#6 Two dreaded words, part 1
Which two-word term produces more anxiety and negative feelings among introductory statistics students than any other?
I don’t think correlation coefficient produces the most negative feelings, or confidence interval, or even hypothesis test. I don’t think random sample achieves maximum anxiety, or observational study, or expected value, or even confounding variable. No, my bet is that standard deviation makes students shiver with fear and cringe with distaste more than any other two-word term, perhaps even long after they have completed their statistics course*.
Why is this so unfortunate? Because variability is the single most fundamental concept in statistics, and the most common measure of variability is … (brace yourself) … standard deviation.
* If you would vote for sampling distribution, I see your point. But I don’t think sampling distribution comes up outside of a statistics classroom nearly as much as standard deviation. Trust me: I’ll have lots to say about teaching sampling distributions in later posts.

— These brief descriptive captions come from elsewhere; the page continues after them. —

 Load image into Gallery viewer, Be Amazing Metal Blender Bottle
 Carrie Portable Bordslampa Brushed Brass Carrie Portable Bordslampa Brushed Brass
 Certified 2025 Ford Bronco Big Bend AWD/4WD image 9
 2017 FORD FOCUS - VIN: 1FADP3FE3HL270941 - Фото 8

The formula for standard deviation (allow me to abbreviate this as SD for the rest of this post) can certainly look intimidating:
Expressing this as an algorithm does not make it any more palatable:
- Subtract the mean from each data value.
- Square each difference.
- Add them up.
- Divide by one less than the sample size.
- Take the square root.
What to do? I recommend asking questions that help students to understand what SD is all about, rather than wasting their time with calculating SD by hand. Here are ten questions that try to do this:
1. Suppose that Samira records the ages of customers at the Snack Bar on a college campus from 12-2pm tomorrow, while Mary records the ages of customers at the McDonald’s near the highway at the same time. Who will have the larger SD of their ages – Samira or Mary? Explain why.
Mary is likely to encounter people of all ages at McDonald’s – from toddlers to senior citizens and every age in between. Samira might run into some toddlers and senior citizens at the on-campus snack bar, but she’ll mostly find a lot of people in the 18-25-year-old age group. Because the ages of McDonald’s customers will vary more than ages of Snack Bar customers, Mary will have a larger SD of ages than Samira will.

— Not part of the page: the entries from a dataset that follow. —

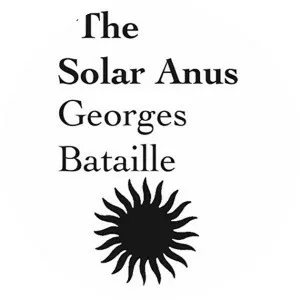 The Solar Anus
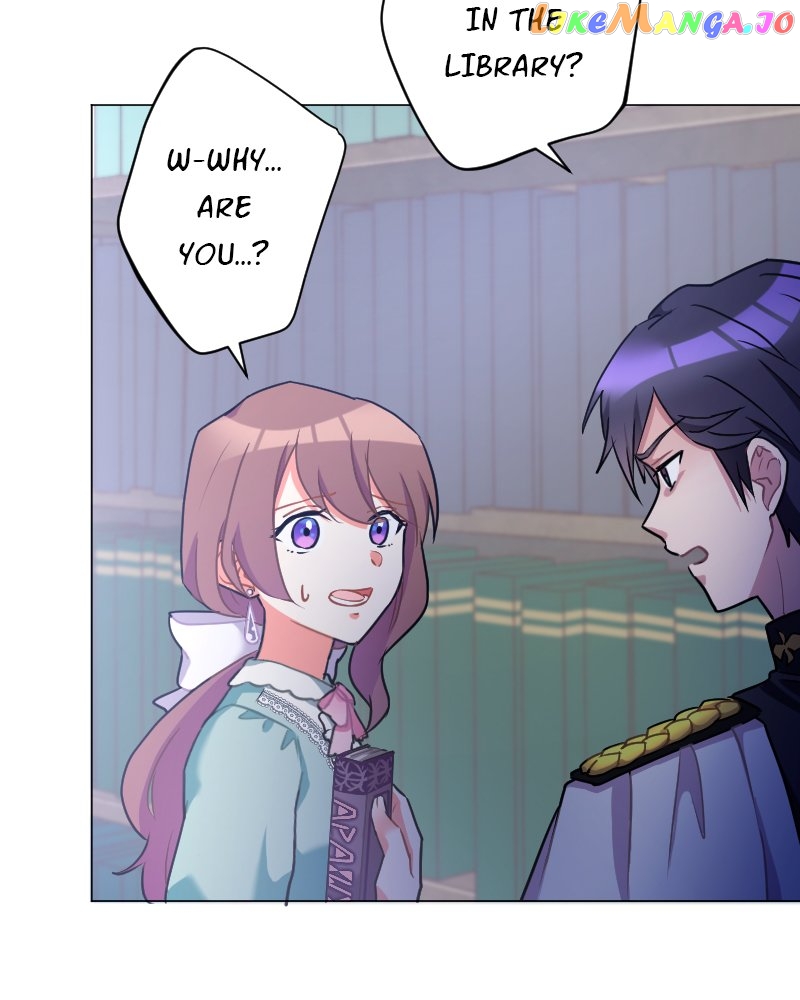 The Rebellion of the Cursed Lady Chapter 22 - page 39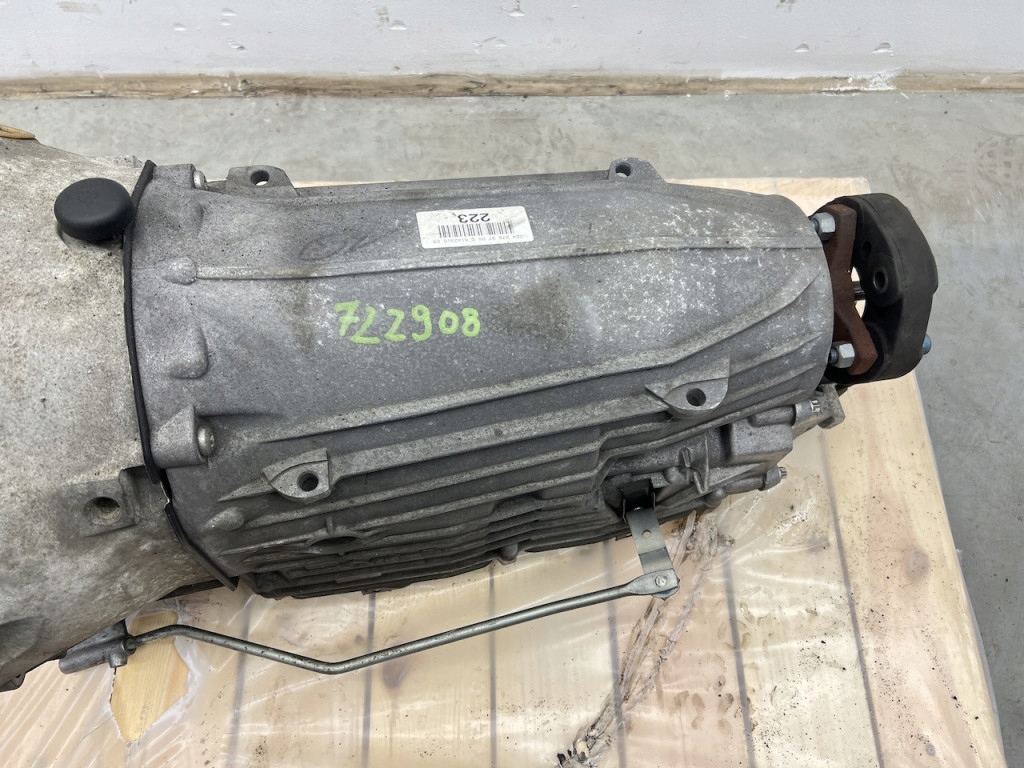 Mercedes slk r172 2.2 cdi коробка передач передач автоматическая 722908 137 tyskm Недорого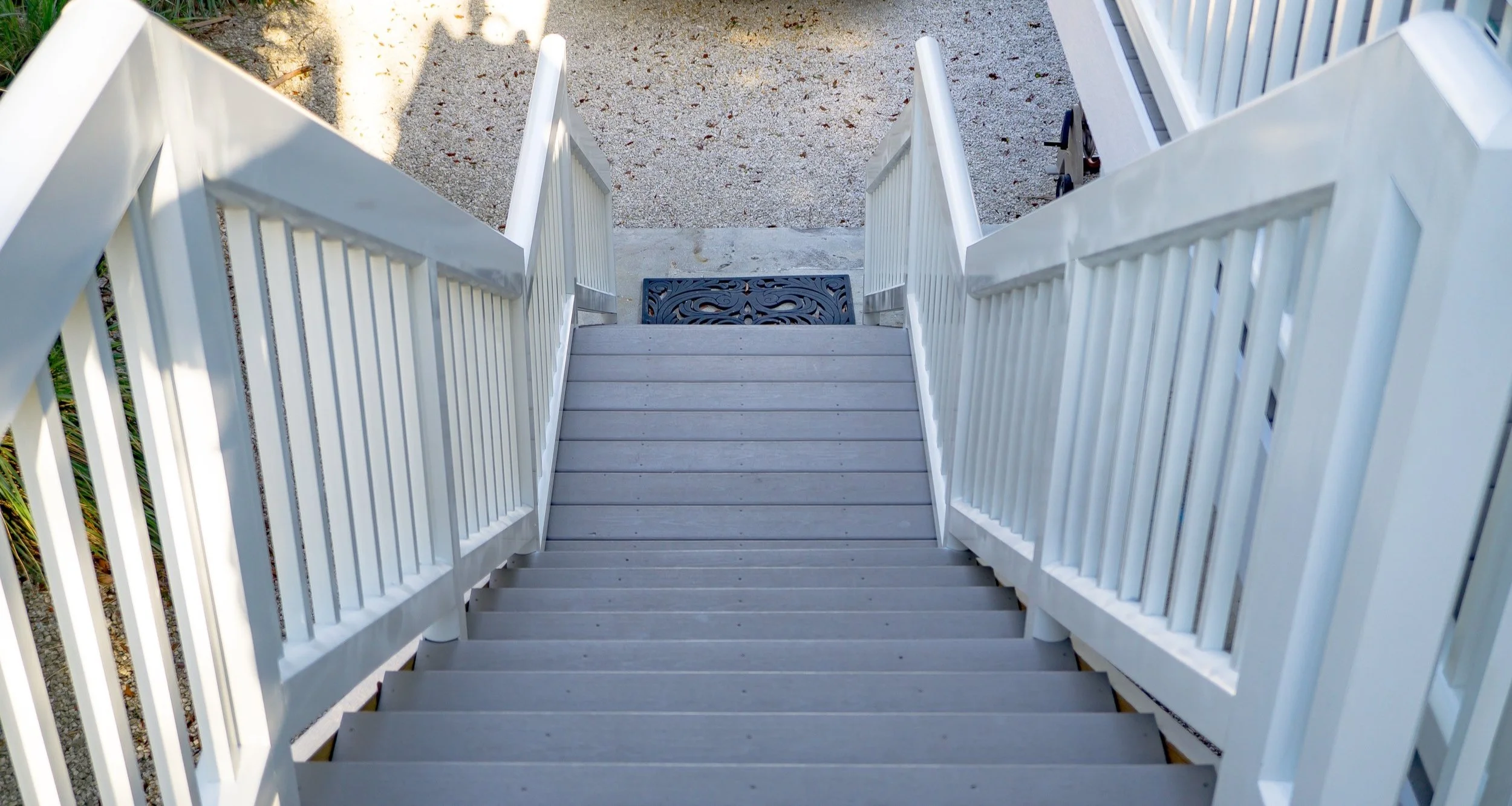 Elite Railing installation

2. Suppose that Carlos and Hector visit their local humane society animal shelter. Carlos records the weights of the 25 cats that they find there, and Hector records the weights of the 25 human beings that they encounter. Who will have the larger SD of their weights – Carlos or Hector?
This question is getting at the same understanding as the previous one*. Most students are quick to realize that the weights of human beings vary much more than the weights of ordinary domestic cats, so Hector will have a larger SD than Carlos.

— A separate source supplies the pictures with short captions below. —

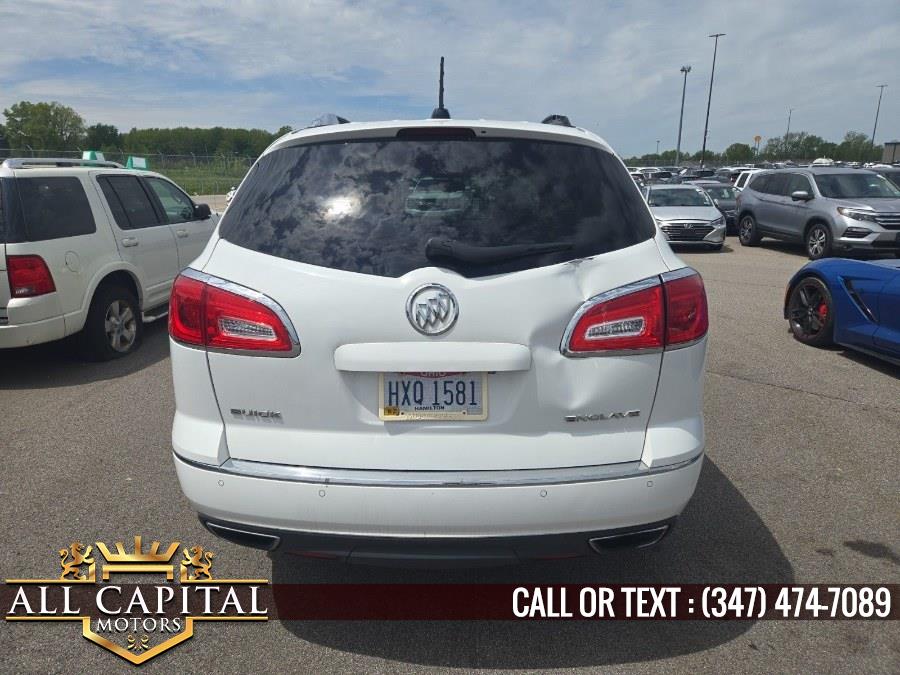 2017 Buick Enclave FWD 4dr Leather photo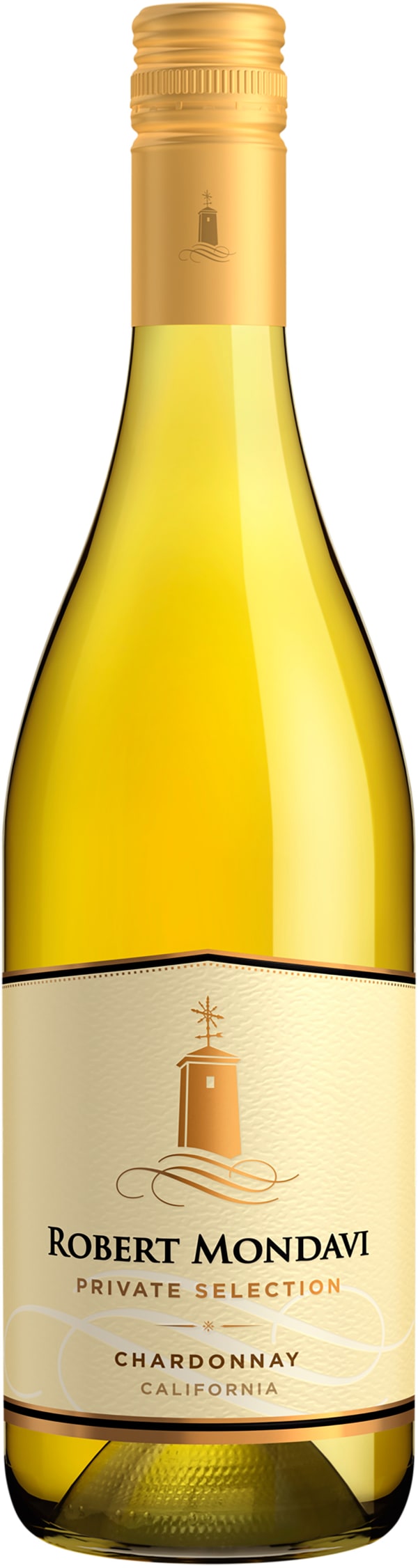 Robert Mondavi Private Selection Chardonnay California 2020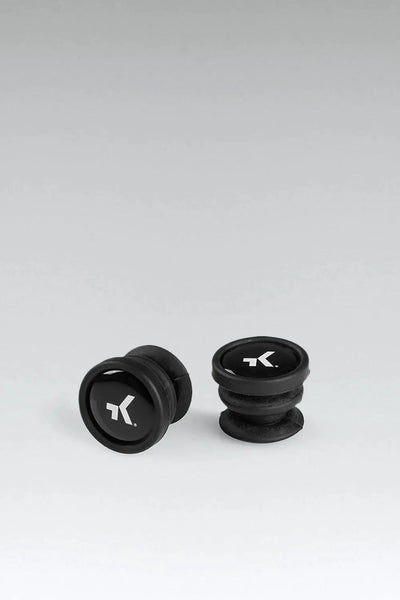 Puños Mtb Jekyll Gobik Unisex True Black #2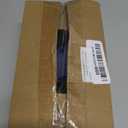 Wenouy Kids Winter Gloves Waterproof Snow Ski Gloves for Boys Girls Warm Adjustable Accessories for Cold Weather (6-8 Years, Navy Blue, Purple)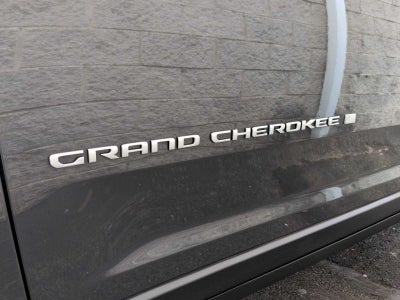Jeep Grand Cherokee Laredo X 2025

* But this question involves cats, and I like cats! I plan to devote a future post to nothing but questions that involve cats in one way or another.
3. Draw four rectangles so that the SD of their widths is greater than the SD of their heights. This question was sent to me by Camille Fairbourn and John Keane in their proposal to conduct a breakout session at the 2019 U.S. Conference on Teaching Statistics* (link). They later told me that the original source for the question is the Illustrative Mathematics project (link). I especially like this question because if you understand the concept of SD, you can answer this question correctly with a moment’s thought and less than a minute of time to draw the rectangles. But if you do not understand the concept, you’re not going to succeed by (accidentally) drawing the rectangles correctly by random chance.
* If you want to impress me with a proposal for a session in a conference that I am chairing: Ask good questions!
4. Consider the following dotplots of customer ratings (on a scale of 1 – 5) of four restaurants (A – D). Arrange the four restaurants in order from smallest SD to largest SD, without performing any calculations.
First notice that all four restaurants have an average (mean) rating of 3, right in the middle of the scale. I hope that this helps students to focus on variability as the key idea here.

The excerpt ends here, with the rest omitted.